All of the following explanations are for cases where the target table already exists in the Data Destination.
If the target table does not exist in Data Destination, a new table is created in either mode.

transfer mode Schema Change transaction behavior supplement
Append (INSERT) No Yes The following additions are made to the table.
  1. Create a temporary table and populate it with data
  2. INSERT data from a temporary table into a target table
Postscript (INSERT DIRECT) No No The table is appended as follows
  1. INSERT data directly into the target table
  • Compared to the append (INSERT ) mode, processing time is shorter, but transactions are not secured.

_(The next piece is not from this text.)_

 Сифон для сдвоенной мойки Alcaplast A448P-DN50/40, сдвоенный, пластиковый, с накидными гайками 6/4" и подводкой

  • Therefore, if a transfer fails midway through, rows added along the way may remain in the target table.
  • TRUNCATE INSERT No Yes The table will be rewashed as follows
    1. Create a temporary table and populate it with data
    2. DELETE the actual data in the target table and INSERT the data in the temporary table into the target table
    All cases washed (REPLACE) Yes Yes The table will be rewashed as follows
    1. Create a temporary table and populate it with data
    2. DROP the target table itself and change the temporary table name to the target table name.
  • The schema of the existing table is deleted and updated to that of the new table.

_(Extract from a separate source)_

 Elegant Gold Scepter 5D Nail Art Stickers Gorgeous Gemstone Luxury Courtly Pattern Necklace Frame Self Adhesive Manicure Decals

  • UPSERT (MERGE) No Yes UPSERT to the table as follows
    1. Create a temporary table and populate it with data
    2. MERGE data from temporary table to target table
  • For each row of transferred data, if the value of the merge key exists in the corresponding column of the target table, the row is updated. If it does not exist, the line is appended.
  • If the merge key has duplicate values or contains null values, it will not UPSERT correctly.